Work request
All lines from the one containing "Seven silver and" through the final line of the listing below, and no others, must be returned exactly; no pictures belong in the copy.
Information supplied: Begin
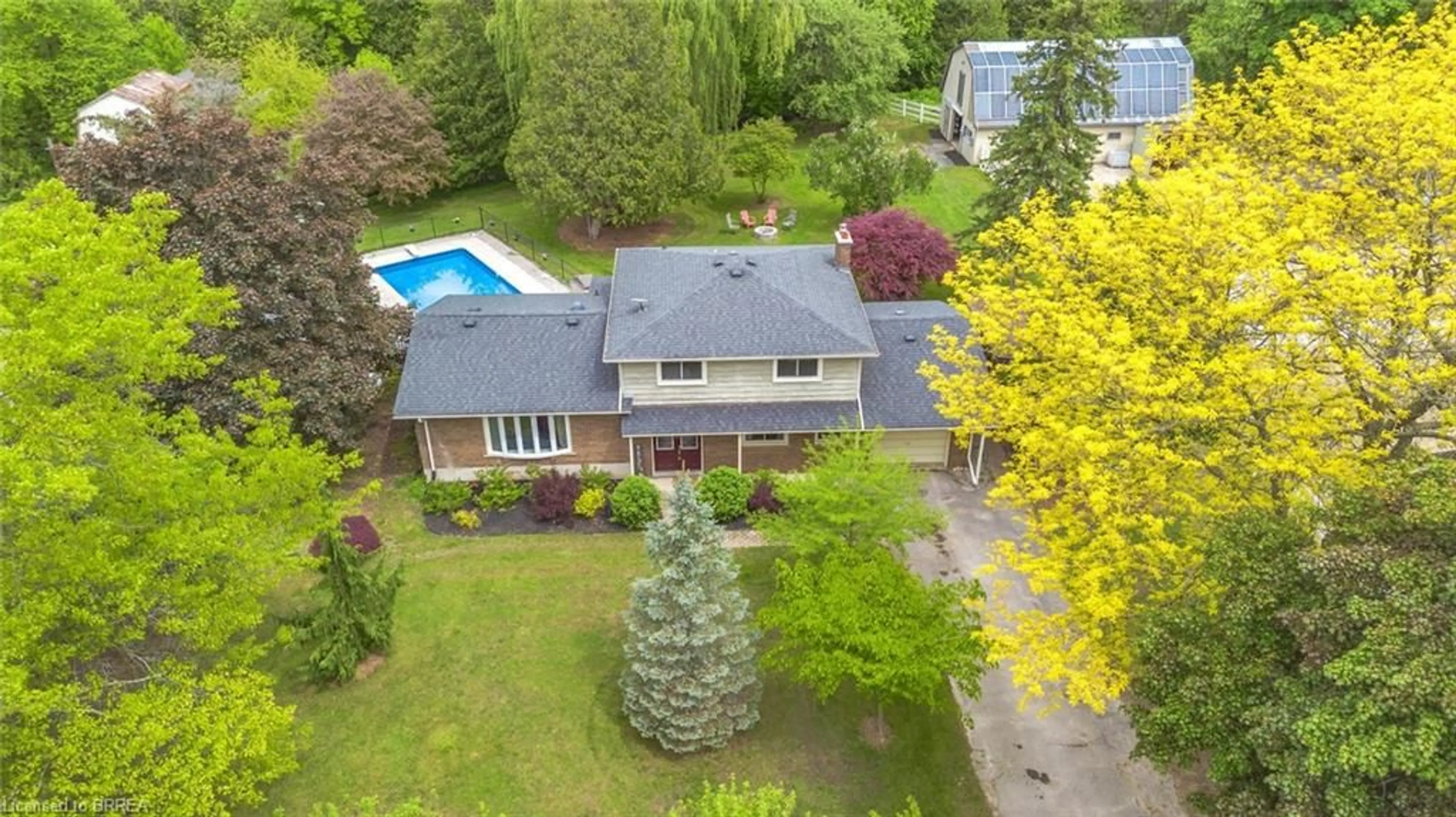 A pic from outside/outdoor area/front of a property/back of a property/a pic from drone, street for 56 Fifth Concession Rd, Burford Ontario N0A 1A0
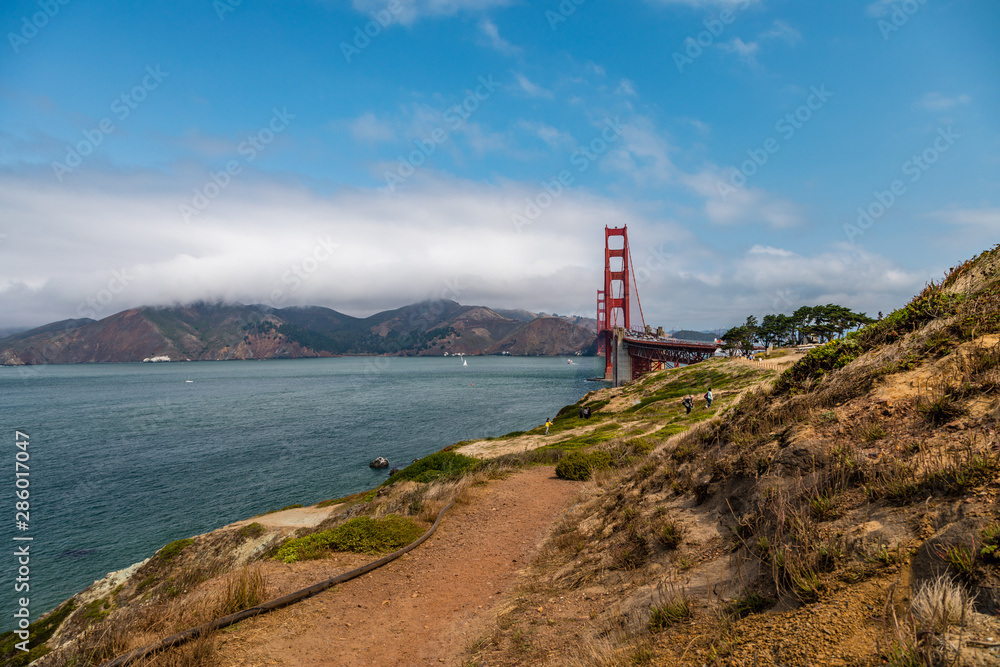 Golden Gate Bridge on the right with calm water from the San Francisco Bay on the left and a dirt footpath in the foreground Golden Gate Bridge on the right with calm water from the San Francisco Bay on the left and a dirt footpath in the foreground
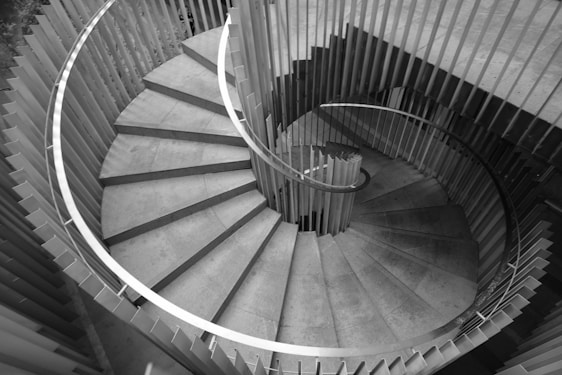 A spiral staircase viewed from above, comprised of concrete steps and a sleek metal railing. The design is modern and minimalistic, with clean lines and a symmetrical pattern. The surrounding walls are vertical slats, providing a unique architectural feature.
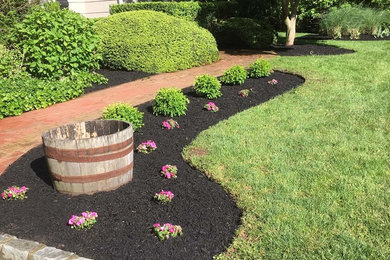 This is an example of a small traditional full sun front yard brick landscaping in New York for summer.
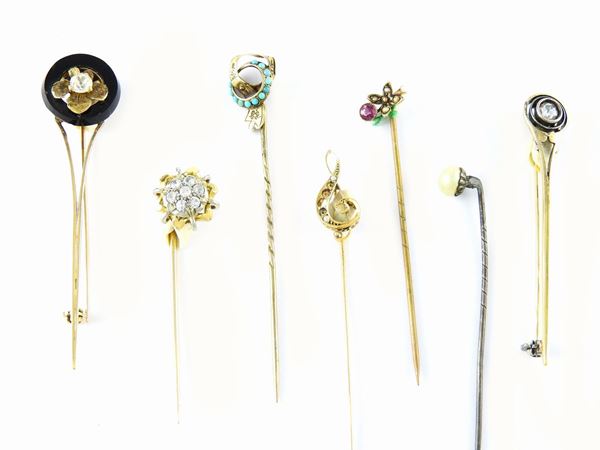 Seven silver and yellow gold various alloys tie pins with diamonds, pearls and different stones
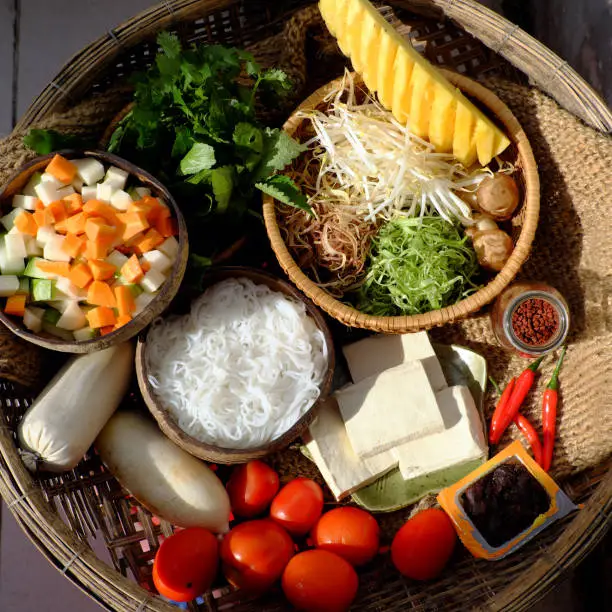 Prepare raw materials for vegan rieu noodle soup or vegetarian bun rieu, a traditional Vietnamese food with tomato, tofu, tamarind, pine apple, sausage, herbs, vegetable and rice vermicelli
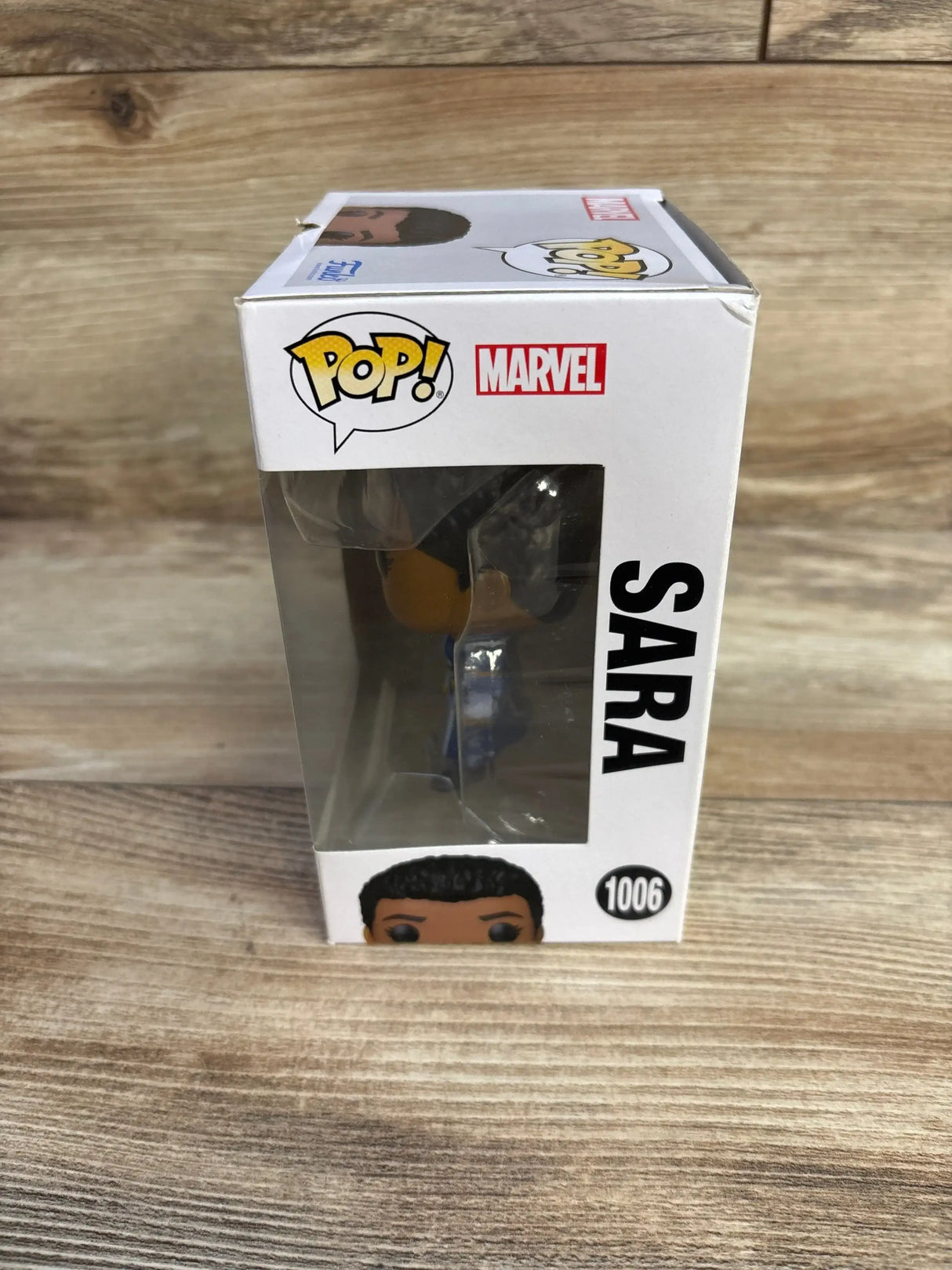Front-right view of Funko Pop Sara vinyl figure in original box showing clear window, SARA side text and Marvel and POP logos on wood plank background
Information supplied: End
Answer to this exercise
 Seven silver and yellow gold various alloys tie pins with diamonds, pearls and different stones
 Prepare raw materials for vegan rieu noodle soup or vegetarian bun rieu, a traditional Vietnamese food with tomato, tofu, tamarind, pine apple, sausage, herbs, vegetable and rice vermicelli
Front-right view of Funko Pop Sara vinyl figure in original box showing clear window, SARA side text and Marvel and POP logos on wood plank background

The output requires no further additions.